Needs.

Sweet, lazy, little me. 
As a child there were many opportunities I had to make money. My father was always willing to pay me something to work for him. These wages might have been meager and the work the type with no end, however the opportunities existed. In retrospect, I was lazy. It's easy to look back on my former childhood self with these critical perspectives, discounting all behaviors as a desire to be a sloth. When I really think about it though, if I was lazy then, am I not still the same lazy person now? Can a person really do a 180 degree turn and change completely who they once were? You have to remember, I am saying I was lazy as a child, a child who didn't choose as much as acted on impulse. I did not see consequences, I just saw the here and now, living for the moment.

I would connive and scheme as to how I could avoid work, but yet weren't those things work in themselves? Was I really lazy when I was actively trying to convince my mom and dad without consequence to allow me off the hook from any said chores or projects? When I would get out of stuff, I was miserable in boredom, as though to admit I wasn't doing something and maybe missed the work?

So, what I needed at the time was a mind able to see through the "here and now" and instead do what I realized fulfilled my purpose more appropriately. I was bored a lot as a kid, therefore I ate stimulating junk food, a habit I carried through to this day when boredom triggers a desire for stimulation, food being the utmost high. What I need though is to see these obvious things and put them to use. I had to learn to live with my gifts rather than run away from them.

This is all easier said then done, and what I needed wasn't ever what I wanted. For example, I needed love, for we all do. I took to excessive lifting, gym-culture, and much time spent on very superficial routines (my motive was superficial for there are people with more depth than I who engage in the culture) all to receive attention, and therefore love. I was not happy with myself and thought that by spending time in one area, a superficial one, I would make people love me. I could alter myself, run away from this fat child to finally obtain a worthiness of love. All these wrongfully, planned, desired motives took me further away from any actual love and instead put me in this inauthentic place.
With age, came a way to still be lazy, but appear to show work. 
You see, what I wanted was noble, for we all want and need love. What I did to try to get it was the misguided and even "lazy" part. Lazy because the way I went about trying to get what I needed was within my own comfort zone and what I wanted. What I needed however was to realize how broken, or misguided my perspective was. My goals were all wants and I thought the more the better which meant, more love and more success. What I needed was less. I needed it all to be taken away, crumbled to see that what I needed all along wasn't a desired competition where I was either a winner or loser, but to admit fault. I had to build on my minute bits of humility, and therefore see what I needed and accept what it takes too get there.
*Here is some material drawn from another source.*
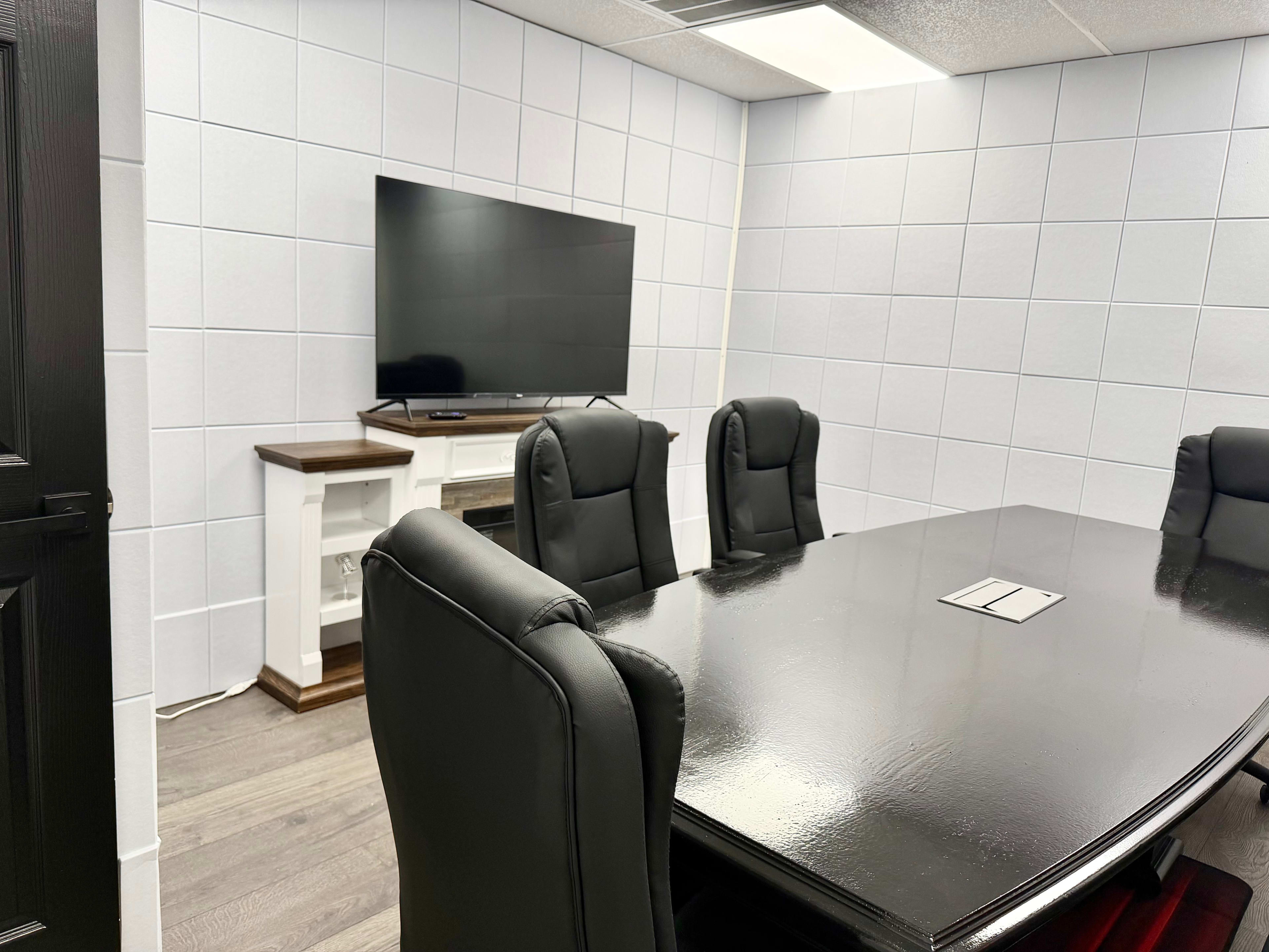 The image shows a conference room with a large black table, black leather chairs, a wall-mounted television, and white paneling.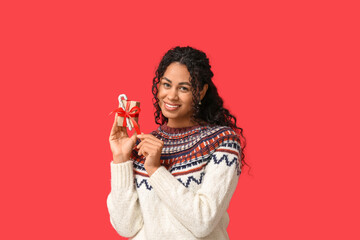 Beautiful young African-American woman in stylish earrings with gift box and candy cane on red background. Christmas celebration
Through humility, admitting that my way was not the best and that I was misguided and that I invested so many years into a perspective that wasn't helpful was painful. Pain like being hit by a bus. To admit things about myself seemed so pathetic. I felt like this little worm inside of a hard metal casing. The muscles were my case for they needed to be thick to protect the fragile inside. I had to admit these things, not to reinforce a "loser," but to begin the rebuilding process of what I needed.

Just like underwear on Christmas morning,
sometimes we get what we need, not what we wanted. 
What we need oftentimes is not what we want. I would not ask to be broken or humiliated, however these things remind me to be humble to be grounded accept all things about me which I want to avoid. This is what giving a person what they need means. Being a parent I see that I want to be my daughters friend, however her actions, her behaviors, they make me "parent" and therefore I have to give her what she needs to be a respectable person to herself and others when she gets older. What I want at the time is fun and light what is needed though is discipline.


What we need is not going to be enjoyable. Not unless you are thirsty and need water, for then that water will be worth more than any money you could want. What we need is totally different than want. Need brings about the things that bring about the best in us. Want might reinforce the parts we actually want to improve on to avoid further consequences. It is the willingness to apply this and take steps to do what is needed, more difficult and active than the wants. For the wants are under our choosing where the needs might not be.